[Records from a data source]
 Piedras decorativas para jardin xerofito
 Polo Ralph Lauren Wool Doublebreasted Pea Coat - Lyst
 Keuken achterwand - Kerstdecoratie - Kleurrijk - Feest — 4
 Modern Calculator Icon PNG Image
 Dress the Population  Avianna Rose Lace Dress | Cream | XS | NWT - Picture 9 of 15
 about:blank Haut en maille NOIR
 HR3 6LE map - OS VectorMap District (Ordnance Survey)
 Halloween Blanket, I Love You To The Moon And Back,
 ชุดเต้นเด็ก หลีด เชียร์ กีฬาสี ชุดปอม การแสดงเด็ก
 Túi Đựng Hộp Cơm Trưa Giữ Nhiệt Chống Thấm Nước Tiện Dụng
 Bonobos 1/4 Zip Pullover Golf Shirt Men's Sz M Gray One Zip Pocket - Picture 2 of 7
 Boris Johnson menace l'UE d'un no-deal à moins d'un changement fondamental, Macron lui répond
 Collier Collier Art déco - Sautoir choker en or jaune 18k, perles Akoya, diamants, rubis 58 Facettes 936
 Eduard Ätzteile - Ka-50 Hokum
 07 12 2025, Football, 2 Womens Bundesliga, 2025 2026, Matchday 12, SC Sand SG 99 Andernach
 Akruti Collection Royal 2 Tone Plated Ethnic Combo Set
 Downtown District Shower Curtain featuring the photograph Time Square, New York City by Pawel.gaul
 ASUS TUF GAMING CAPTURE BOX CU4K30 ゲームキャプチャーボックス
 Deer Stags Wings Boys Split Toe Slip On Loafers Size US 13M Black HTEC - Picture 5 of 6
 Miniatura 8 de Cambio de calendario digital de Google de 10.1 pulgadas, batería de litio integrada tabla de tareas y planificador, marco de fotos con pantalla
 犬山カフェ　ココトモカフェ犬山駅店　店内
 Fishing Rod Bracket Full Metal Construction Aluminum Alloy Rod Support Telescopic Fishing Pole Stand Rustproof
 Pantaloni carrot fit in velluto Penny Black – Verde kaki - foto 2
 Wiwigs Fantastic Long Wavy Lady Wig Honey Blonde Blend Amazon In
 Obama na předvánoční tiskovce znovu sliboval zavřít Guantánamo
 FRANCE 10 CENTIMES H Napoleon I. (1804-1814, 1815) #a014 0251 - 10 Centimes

▶ _Problem description_
Where does "Black" appear in the records above? Copy each line that holds it.

▶ _Finished exercise_
 Deer Stags Wings Boys Split Toe Slip On Loafers Size US 13M Black HTEC - Picture 5 of 6
 Pantaloni carrot fit in velluto Penny Black – Verde kaki - foto 2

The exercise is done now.